There are things I can’t force. I must adjust. There are times when the greatest change needed is a change of my viewpoint.” – Denis Diderot

Denis Diderot
Denis Diderot
By Louis-Michel van Loo

Humanities scholars tend to dismiss the Enlightenment, the period of time in Western thought that produced the American and French Constitutions and the Scientific method. In fact, my alma mater, Virginia Tech, offered literature courses in every possible culture and era except the Enlightenment. Dr. James Schmidt argues in his lecture series Making Man in Reason’s Image, The Enlightenment and the Birth of Modern Humanity that scholars characterize the Enlightenment as somewhat frivolous, just a bunch intellectuals hanging out in coffee shops and waxing philosophical.

I have an alternative hypothesis. Humanities scholars disparage the Enlightenment for imposing reason on their poetical frivolity. Intellectuals like Thomas Paine, philosophical father of the American Revolution, and John Locke, who wrote the bible of Empirical thought, freed humanity from the chains of tradition during the Enlightenment, but the Humanities tend to regard them as imposing the chains of reality on their creativity.

Denis Diderot was also one of the powerful minds of this age. Diderot oversaw the writing of a comprehensive set of encyclopedias, to which the church and monarchy worked every legal means against him to prevent the publication of each volume.
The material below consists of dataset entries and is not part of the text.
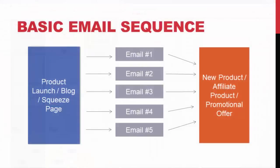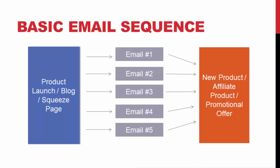Now, here's the basic sequence for someone's list. They have a product or they have a blog or whatever it is and they're building their email list, right?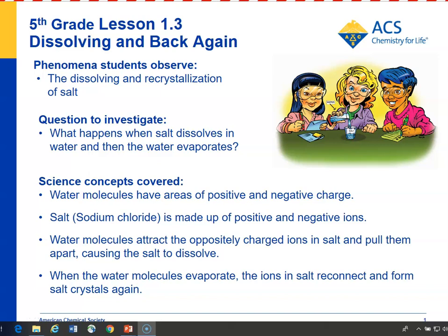In Lesson 1.3, students will observe salt, dissolve some in water, and then allow the water to evaporate and see that the salt comes back as tiny crystals. The idea is for students to appreciate that common phenomena like dissolving and evaporation are all based on tiny particles of atoms and molecules.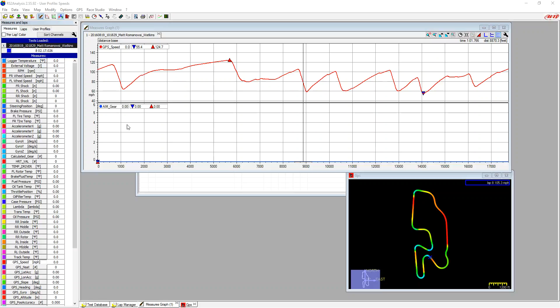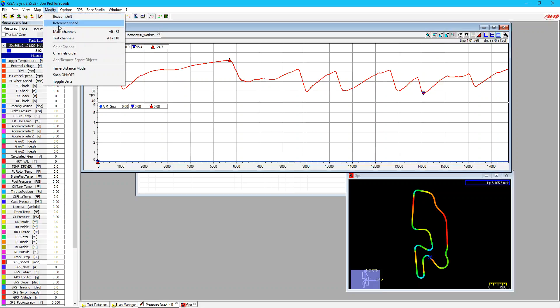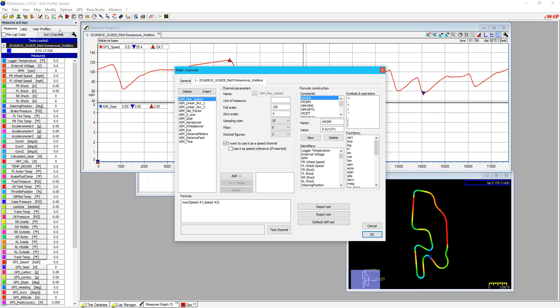So there's two ways to get into our math channels. We can use the square root button here, or we can go modify, and then math channels. When we get into that channel window, there's a lot of information here, but we can break it down into easier chunks to work with.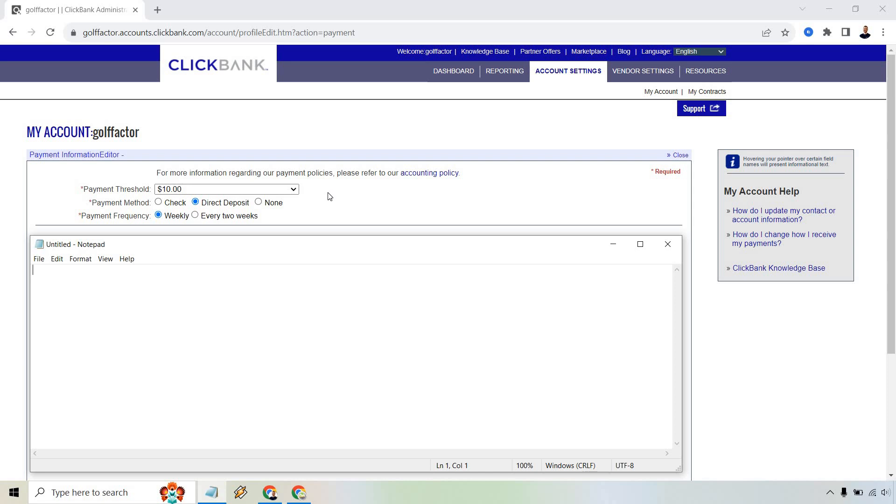So payment methods are going to include check, direct deposit, or just none and payment frequency. I would, of course, recommend weekly unless you want to get paid every two weeks. That's going to be up to you.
Diderot contributed over 1,000 articles to the 17-volume set, which took 14 years to produce.

There are powerfully forward-thinking concepts in Diderot’s philosophical writings. At the time of his life, 1713 – 1784, Descartes’ Cartesian Duality, the idea that the mind and physical body were separate and distinct entities, was the popular notion. It was a philosophical argument for the existence of a soul. We have to have an immaterial soul, the argument goes, because matter alone cannot be imbued with conscious thought.
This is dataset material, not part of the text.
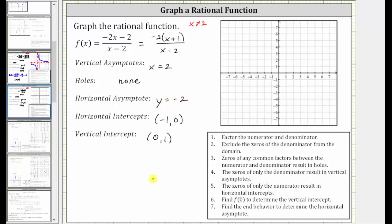On the Allen homework system, to graph this basic rational function, we select the rational function graphing tool, click on the intersection point of the horizontal and vertical asymptotes, and then simply click on one point on the graph. To do this by hand, we'll begin by graphing the horizontal and vertical asymptotes.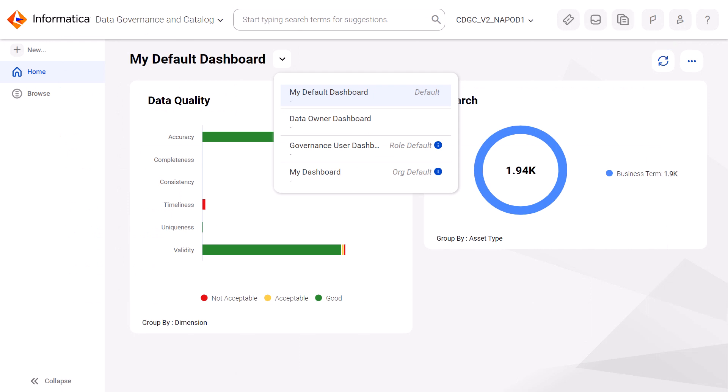Now, users with the Governance User Role see this as their Role Default Dashboard.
In his philosophical dialogue D’Alembert’s Dream, Diderot explained how stones may come to think. If you take stones, grind them up, mix them with compost, grow plants with the compost, and then eat the plants, you have produced thinking stones. It is not that conscious and unconscious matter are distinct realms of being, but rather that consciousness is a characteristic of certain configurations of matter.

Clavier
Clavier
Credit: europealacarte

Diderot proposed that all matter was in a state of constant flux, that even species on Earth were perpetually changing. Extending from this idea, Diderot proposed that we might invent machines with consciousness. He used the clavier musical instrument as an example, suggesting that with consciousness, claviers could play themselves. If sufficiently complex, claviers could feed themselves and produce offspring. As outrageous as this idea sounded centuries ago, today we work with intelligent machines, where the current generation of processing chips is responsible for designing the next generation of processing chips.

Computer Lab
Computer Lab
Credit: Archigeek

While the Cartesian Duality provided a simplistic way of understanding the Universe, where we conscious beings are special and distinct from nature, Diderot’s understanding makes no such distinction. We are irreducibly intertwined with nature, a swarm of atoms that produces consciousness, but nature, in the form of a blow to the head, turns off our awareness and any perception of our distinction from inanimate matter.

If all of the cells in our bodies are replaced regularly, then what is the common thread that defines who we are? In his philosophy, it was conscious memory. Today, we know that we really don’t have even that much to define our uniqueness.

Diderot died on this day 325 years ago, and as we know through modern science, his atoms dispersed, some becoming air, others consumed by bacteria, others consumed by trees. We are breathing atoms that once belonged to Diderot, just as we are breathing atoms that belonged to dinosaurs, or were forged in the interiors of stars gone supernova billions of years ago. Our irreducible parts are one with nature and the Cosmos, and that is a more inspiring understanding of our place in the Universe than the idea that we are separate and isolated from it.